Indian attorney and judge

Lakshmy Ramakrishnan (born 29 December 1965) is an Indian actress and director who predominantly works in Tamil and Malayalam films. She made her debut in the Malayalam film Chakkara Muthu (2006), and has since appeared primarily in supporting roles in Tamil films.

== Personal life ==

Lakshmy was born and raised in a Tamil Brahmin family in Palakkad, Kerala. She got engaged at the age of 16 and got married when she was 18 years old.

==Career==
Ramakrishnan ran an event management business in Muscat, Oman from 1992 to 2001, before returning to India and acting and directing films. Director A. K. Lohithadas offered her a supporting role in his next film.
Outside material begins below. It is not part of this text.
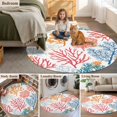 thumbnail image 6 of Summer Ocean Round Area&nbsp;Rug 7ft Coral Blue Red Orange Nautical Coastal Non-Slip&nbsp;Washable Circle Rugs Soft Felt Indoor Floor Mat for Bedroom Kitchen Living Room Bathroom, 6 of 9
Karu Pazhaniappan's Pirivom Santhippom (2008) in which she played the character of Sneha's mother was her first Tamil film, following which she played supporting roles in numerous films. She portrayed an angry mother who wants to avenge her daughter's death in Mysskin's Yuddham Sei (2011). She also tonsured her head for the "once-in-a-lifetime role".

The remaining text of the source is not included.